Monthly Report for November 2005

 

 

Project No.: 260671

Funding Agency: Defense Logistics Agency - Defense Technical Information Center

Award No.: SP4700-05-P-0148

Project Title: Tools for Automatic Extraction of Metadata from DTIC Electronic Documents Collections - Phase II

Project Period: 09/19/05 - 09/18/06

 

Work Accomplishments during period

 

1. Document Classification

Have done scalability study (see ELPUB 2006 papers below) on classification based on geometric layout of blocks of information creating trees of information. Preliminary results indicate a manageable number of classes (order of hundreds for ten thousand documents)

 

In preparation of evaluating classification algorithms manually classified set of 500 documents.

 

Continue on developing algorithms for POINT (pages of interest to metadata extraction) page detection.

 

 

2. RDP Metadata Extraction

Created a demo site where we can demonstrate in easy way to DTIC personnel how form processing works. Demo site allows for selection of form type and to do real time processing of a document to extract its metadata.

 

Found some serious problems with significant number of files(270 of 934 samples), began to analyze the causes of the problem.

 

Analyzed the good and bad points of citeseer software to see what we can learn from it if anything

 

Many of the missed files are due to ocr problems, are fixing the process so that we can catch automatically ocr problems and repair, e.g., bad xml character output.

 

Are finding new forms for which we need to write templates.

 

Have begun to automate the step of handling form-based and n-n form documents in same step.

 

Extending engine to handle features needed to recognize the following errors: problems with some documents having title, subtitle, authors, others just title, author - authors being falsely identified as subtitle

 

3. Transition

DTIC process study

Decided to postpone process study for general case until RDP product delivered.
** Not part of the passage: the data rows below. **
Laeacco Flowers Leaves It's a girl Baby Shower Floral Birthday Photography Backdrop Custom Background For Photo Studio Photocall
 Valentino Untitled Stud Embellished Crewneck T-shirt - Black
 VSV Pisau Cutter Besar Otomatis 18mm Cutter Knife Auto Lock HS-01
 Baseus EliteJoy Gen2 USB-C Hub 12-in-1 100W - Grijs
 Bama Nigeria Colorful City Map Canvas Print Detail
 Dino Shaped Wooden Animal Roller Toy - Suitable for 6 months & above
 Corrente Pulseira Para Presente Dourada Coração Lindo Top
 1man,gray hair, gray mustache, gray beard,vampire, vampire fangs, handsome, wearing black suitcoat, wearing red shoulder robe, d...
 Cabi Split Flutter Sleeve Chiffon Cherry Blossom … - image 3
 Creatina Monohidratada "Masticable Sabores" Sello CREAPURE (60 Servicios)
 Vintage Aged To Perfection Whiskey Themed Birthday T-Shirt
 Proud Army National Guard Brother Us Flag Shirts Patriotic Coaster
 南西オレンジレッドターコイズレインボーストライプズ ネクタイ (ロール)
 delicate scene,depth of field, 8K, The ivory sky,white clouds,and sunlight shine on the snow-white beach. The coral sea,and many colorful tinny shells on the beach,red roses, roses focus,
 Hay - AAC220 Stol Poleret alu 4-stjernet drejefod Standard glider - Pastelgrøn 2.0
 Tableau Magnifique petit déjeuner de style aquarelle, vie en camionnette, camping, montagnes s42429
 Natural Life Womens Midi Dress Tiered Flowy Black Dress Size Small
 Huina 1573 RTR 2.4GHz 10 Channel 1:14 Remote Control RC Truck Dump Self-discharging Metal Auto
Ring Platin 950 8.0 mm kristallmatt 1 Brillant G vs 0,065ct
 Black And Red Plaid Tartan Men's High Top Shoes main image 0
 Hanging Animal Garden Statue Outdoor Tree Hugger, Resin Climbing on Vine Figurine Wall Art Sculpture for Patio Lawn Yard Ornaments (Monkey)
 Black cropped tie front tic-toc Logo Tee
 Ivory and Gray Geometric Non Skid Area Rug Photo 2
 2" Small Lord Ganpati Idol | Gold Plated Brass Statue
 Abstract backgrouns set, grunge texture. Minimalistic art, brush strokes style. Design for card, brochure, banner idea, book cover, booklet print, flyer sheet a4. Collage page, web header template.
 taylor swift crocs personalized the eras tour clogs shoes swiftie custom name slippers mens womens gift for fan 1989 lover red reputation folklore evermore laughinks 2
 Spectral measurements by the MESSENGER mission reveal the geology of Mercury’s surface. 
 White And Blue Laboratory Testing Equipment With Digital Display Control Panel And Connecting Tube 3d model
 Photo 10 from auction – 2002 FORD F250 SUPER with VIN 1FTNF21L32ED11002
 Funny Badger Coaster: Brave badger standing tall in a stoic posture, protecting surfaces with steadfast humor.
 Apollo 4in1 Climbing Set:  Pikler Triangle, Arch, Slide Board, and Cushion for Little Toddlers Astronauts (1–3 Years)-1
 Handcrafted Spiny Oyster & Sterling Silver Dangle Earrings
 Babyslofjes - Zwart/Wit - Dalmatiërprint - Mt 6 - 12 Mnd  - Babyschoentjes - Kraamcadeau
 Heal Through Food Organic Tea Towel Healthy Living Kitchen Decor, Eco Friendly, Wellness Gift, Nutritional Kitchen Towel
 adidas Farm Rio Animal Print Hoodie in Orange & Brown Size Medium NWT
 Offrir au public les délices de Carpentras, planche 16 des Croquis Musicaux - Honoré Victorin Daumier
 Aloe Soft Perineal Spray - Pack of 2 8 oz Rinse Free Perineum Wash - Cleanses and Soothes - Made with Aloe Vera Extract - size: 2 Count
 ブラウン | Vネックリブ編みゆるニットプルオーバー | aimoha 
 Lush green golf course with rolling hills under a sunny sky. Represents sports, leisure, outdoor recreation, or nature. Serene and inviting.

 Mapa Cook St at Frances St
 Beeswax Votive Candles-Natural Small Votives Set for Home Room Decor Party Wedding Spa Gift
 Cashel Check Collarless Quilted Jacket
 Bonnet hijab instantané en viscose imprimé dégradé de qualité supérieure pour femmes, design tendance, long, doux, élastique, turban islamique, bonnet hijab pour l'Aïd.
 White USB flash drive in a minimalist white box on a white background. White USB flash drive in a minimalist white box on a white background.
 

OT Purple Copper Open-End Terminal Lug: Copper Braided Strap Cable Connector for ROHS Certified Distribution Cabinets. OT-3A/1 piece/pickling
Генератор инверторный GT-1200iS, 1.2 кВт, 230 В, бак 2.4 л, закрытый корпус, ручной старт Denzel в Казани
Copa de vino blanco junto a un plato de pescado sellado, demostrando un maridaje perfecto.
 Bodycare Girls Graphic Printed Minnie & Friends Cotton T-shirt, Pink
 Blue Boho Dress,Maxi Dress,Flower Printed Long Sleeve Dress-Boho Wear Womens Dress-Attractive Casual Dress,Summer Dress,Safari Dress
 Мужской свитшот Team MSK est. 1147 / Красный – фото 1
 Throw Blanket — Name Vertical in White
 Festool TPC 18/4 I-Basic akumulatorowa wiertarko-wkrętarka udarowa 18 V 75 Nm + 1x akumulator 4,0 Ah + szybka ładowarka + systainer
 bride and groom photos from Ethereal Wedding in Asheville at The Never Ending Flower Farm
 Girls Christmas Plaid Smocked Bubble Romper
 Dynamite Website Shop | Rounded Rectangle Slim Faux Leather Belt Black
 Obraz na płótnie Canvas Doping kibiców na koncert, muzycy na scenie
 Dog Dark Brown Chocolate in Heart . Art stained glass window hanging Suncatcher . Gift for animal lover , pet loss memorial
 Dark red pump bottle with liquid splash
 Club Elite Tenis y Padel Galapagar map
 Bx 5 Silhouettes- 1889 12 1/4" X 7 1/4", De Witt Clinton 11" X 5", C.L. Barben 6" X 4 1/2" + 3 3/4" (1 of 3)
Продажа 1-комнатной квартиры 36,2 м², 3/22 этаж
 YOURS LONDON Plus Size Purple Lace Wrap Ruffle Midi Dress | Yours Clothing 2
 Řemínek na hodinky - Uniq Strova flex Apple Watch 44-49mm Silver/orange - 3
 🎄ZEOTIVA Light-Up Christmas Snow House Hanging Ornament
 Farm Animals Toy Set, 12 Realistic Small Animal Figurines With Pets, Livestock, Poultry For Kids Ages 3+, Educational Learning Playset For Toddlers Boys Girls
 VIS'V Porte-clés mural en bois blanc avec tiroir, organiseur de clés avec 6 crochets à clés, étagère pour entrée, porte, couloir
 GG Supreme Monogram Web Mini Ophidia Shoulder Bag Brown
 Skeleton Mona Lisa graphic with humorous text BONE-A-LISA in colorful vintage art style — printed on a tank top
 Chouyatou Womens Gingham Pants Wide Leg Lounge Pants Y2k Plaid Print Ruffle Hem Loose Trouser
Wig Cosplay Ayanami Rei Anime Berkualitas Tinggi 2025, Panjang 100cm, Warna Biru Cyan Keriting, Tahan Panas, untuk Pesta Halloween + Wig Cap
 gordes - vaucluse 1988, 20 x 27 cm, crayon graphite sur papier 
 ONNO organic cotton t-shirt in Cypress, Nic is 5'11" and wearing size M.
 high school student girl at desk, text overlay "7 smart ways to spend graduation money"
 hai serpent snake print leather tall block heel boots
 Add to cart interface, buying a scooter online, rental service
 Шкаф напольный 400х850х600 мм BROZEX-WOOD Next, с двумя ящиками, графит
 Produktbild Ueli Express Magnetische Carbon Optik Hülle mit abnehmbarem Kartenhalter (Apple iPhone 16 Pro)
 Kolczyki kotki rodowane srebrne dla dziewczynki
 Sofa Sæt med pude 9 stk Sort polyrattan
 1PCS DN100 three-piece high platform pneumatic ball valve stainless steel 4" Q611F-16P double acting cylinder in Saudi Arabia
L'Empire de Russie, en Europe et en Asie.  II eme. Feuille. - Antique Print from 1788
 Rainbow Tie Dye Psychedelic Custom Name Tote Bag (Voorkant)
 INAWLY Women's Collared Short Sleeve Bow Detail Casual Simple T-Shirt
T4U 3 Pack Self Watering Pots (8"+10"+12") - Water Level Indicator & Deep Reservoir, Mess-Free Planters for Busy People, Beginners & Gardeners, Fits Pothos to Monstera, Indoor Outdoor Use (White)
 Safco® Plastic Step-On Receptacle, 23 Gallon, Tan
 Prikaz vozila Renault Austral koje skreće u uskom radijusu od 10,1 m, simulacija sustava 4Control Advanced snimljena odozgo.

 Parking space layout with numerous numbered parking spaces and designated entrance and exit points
Process for RDP handling will be described in read me file for RDP product due March 2006

 

Deliverables/Milestones

 

.1 Metadata Extraction - RDP

A. Engine enhancement design -   Engine design , Template specification   - has been delivered

 

Problem Areas and Corrective Actions

 

None

 

Deviations in Cost/Schedule

 

None

 

Work to be Accomplished Next Period

 

Continue precision/recall study for templates extracting metadata from SF-298 using randomly selected documents

 

Continue design for the classification scheme to match a document with an appropriate template

 

Continue with form-based process